◆ What you will do: Would you repeat the whole listing exactly?

== Records provided ==

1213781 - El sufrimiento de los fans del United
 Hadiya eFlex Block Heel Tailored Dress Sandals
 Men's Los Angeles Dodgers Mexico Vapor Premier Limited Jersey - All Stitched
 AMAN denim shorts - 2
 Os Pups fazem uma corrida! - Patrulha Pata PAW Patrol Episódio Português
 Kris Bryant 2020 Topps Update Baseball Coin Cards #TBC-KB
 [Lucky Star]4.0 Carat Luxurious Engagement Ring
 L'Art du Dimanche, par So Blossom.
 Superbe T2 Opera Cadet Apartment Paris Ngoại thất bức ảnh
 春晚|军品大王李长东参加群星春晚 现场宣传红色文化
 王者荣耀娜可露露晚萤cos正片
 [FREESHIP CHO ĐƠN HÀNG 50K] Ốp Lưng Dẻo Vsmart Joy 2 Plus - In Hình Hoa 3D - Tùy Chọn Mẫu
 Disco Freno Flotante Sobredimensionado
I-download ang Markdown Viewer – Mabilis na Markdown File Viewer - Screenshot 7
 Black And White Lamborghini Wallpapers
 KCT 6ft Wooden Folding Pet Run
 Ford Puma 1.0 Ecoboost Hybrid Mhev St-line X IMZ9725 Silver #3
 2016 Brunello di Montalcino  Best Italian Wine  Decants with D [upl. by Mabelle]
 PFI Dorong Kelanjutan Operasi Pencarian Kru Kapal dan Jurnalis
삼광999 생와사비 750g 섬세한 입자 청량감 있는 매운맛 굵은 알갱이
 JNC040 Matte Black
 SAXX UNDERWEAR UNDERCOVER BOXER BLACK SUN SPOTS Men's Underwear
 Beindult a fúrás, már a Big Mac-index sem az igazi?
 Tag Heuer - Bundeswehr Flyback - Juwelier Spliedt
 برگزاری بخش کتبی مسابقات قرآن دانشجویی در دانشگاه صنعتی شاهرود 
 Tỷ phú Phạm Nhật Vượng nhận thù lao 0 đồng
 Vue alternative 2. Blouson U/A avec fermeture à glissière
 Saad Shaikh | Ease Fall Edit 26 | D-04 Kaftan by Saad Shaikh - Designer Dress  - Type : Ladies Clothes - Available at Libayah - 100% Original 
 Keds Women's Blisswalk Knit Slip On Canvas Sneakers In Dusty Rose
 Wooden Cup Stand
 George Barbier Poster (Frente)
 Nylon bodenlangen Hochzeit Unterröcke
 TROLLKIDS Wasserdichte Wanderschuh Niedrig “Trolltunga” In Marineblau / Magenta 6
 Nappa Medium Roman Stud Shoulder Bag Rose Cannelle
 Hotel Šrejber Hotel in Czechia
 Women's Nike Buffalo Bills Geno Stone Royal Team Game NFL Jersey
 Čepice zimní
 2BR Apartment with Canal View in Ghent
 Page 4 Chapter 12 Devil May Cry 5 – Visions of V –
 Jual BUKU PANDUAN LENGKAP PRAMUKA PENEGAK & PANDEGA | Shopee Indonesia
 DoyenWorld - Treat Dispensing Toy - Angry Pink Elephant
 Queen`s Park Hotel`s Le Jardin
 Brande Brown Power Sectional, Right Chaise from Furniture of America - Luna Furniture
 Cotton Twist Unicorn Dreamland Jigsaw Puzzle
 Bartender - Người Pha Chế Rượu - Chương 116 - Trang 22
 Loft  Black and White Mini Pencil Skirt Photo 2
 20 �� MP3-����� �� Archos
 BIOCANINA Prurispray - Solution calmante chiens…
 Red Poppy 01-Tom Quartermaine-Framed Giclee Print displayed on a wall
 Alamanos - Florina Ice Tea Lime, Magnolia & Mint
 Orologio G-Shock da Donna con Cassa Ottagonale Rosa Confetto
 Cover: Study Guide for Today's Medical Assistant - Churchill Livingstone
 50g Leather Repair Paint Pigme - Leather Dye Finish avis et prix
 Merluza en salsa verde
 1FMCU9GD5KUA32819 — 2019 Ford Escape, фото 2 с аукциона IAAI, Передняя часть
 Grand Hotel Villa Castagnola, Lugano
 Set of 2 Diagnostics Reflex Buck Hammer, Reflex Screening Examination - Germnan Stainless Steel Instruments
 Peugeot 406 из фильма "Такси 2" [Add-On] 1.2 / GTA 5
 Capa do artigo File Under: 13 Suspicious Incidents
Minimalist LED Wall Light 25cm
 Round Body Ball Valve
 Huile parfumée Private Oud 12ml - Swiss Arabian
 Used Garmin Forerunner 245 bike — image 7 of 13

===

◆ Written reply:
1213781 - El sufrimiento de los fans del United
 Hadiya eFlex Block Heel Tailored Dress Sandals
 Men's Los Angeles Dodgers Mexico Vapor Premier Limited Jersey - All Stitched
 AMAN denim shorts - 2
 Os Pups fazem uma corrida! - Patrulha Pata PAW Patrol Episódio Português
 Kris Bryant 2020 Topps Update Baseball Coin Cards #TBC-KB
 [Lucky Star]4.0 Carat Luxurious Engagement Ring
 L'Art du Dimanche, par So Blossom.
 Superbe T2 Opera Cadet Apartment Paris Ngoại thất bức ảnh
 春晚|军品大王李长东参加群星春晚 现场宣传红色文化
 王者荣耀娜可露露晚萤cos正片
 [FREESHIP CHO ĐƠN HÀNG 50K] Ốp Lưng Dẻo Vsmart Joy 2 Plus - In Hình Hoa 3D - Tùy Chọn Mẫu
 Disco Freno Flotante Sobredimensionado
I-download ang Markdown Viewer – Mabilis na Markdown File Viewer - Screenshot 7
 Black And White Lamborghini Wallpapers
 KCT 6ft Wooden Folding Pet Run
 Ford Puma 1.0 Ecoboost Hybrid Mhev St-line X IMZ9725 Silver #3
 2016 Brunello di Montalcino  Best Italian Wine  Decants with D [upl. by Mabelle]
 PFI Dorong Kelanjutan Operasi Pencarian Kru Kapal dan Jurnalis
삼광999 생와사비 750g 섬세한 입자 청량감 있는 매운맛 굵은 알갱이
 JNC040 Matte Black
 SAXX UNDERWEAR UNDERCOVER BOXER BLACK SUN SPOTS Men's Underwear
 Beindult a fúrás, már a Big Mac-index sem az igazi?
 Tag Heuer - Bundeswehr Flyback - Juwelier Spliedt
 برگزاری بخش کتبی مسابقات قرآن دانشجویی در دانشگاه صنعتی شاهرود 
 Tỷ phú Phạm Nhật Vượng nhận thù lao 0 đồng
 Vue alternative 2. Blouson U/A avec fermeture à glissière
 Saad Shaikh | Ease Fall Edit 26 | D-04 Kaftan by Saad Shaikh - Designer Dress  - Type : Ladies Clothes - Available at Libayah - 100% Original 
 Keds Women's Blisswalk Knit Slip On Canvas Sneakers In Dusty Rose
 Wooden Cup Stand
 George Barbier Poster (Frente)
 Nylon bodenlangen Hochzeit Unterröcke
 TROLLKIDS Wasserdichte Wanderschuh Niedrig “Trolltunga” In Marineblau / Magenta 6
 Nappa Medium Roman Stud Shoulder Bag Rose Cannelle
 Hotel Šrejber Hotel in Czechia
 Women's Nike Buffalo Bills Geno Stone Royal Team Game NFL Jersey
 Čepice zimní
 2BR Apartment with Canal View in Ghent
 Page 4 Chapter 12 Devil May Cry 5 – Visions of V –
 Jual BUKU PANDUAN LENGKAP PRAMUKA PENEGAK & PANDEGA | Shopee Indonesia
 DoyenWorld - Treat Dispensing Toy - Angry Pink Elephant
 Queen`s Park Hotel`s Le Jardin
 Brande Brown Power Sectional, Right Chaise from Furniture of America - Luna Furniture
 Cotton Twist Unicorn Dreamland Jigsaw Puzzle
 Bartender - Người Pha Chế Rượu - Chương 116 - Trang 22
 Loft  Black and White Mini Pencil Skirt Photo 2
 20 �� MP3-����� �� Archos
 BIOCANINA Prurispray - Solution calmante chiens…
 Red Poppy 01-Tom Quartermaine-Framed Giclee Print displayed on a wall
 Alamanos - Florina Ice Tea Lime, Magnolia & Mint
 Orologio G-Shock da Donna con Cassa Ottagonale Rosa Confetto
 Cover: Study Guide for Today's Medical Assistant - Churchill Livingstone
 50g Leather Repair Paint Pigme - Leather Dye Finish avis et prix
 Merluza en salsa verde
 1FMCU9GD5KUA32819 — 2019 Ford Escape, фото 2 с аукциона IAAI, Передняя часть
 Grand Hotel Villa Castagnola, Lugano
 Set of 2 Diagnostics Reflex Buck Hammer, Reflex Screening Examination - Germnan Stainless Steel Instruments
 Peugeot 406 из фильма "Такси 2" [Add-On] 1.2 / GTA 5
 Capa do artigo File Under: 13 Suspicious Incidents
Minimalist LED Wall Light 25cm
 Round Body Ball Valve
 Huile parfumée Private Oud 12ml - Swiss Arabian
 Used Garmin Forerunner 245 bike — image 7 of 13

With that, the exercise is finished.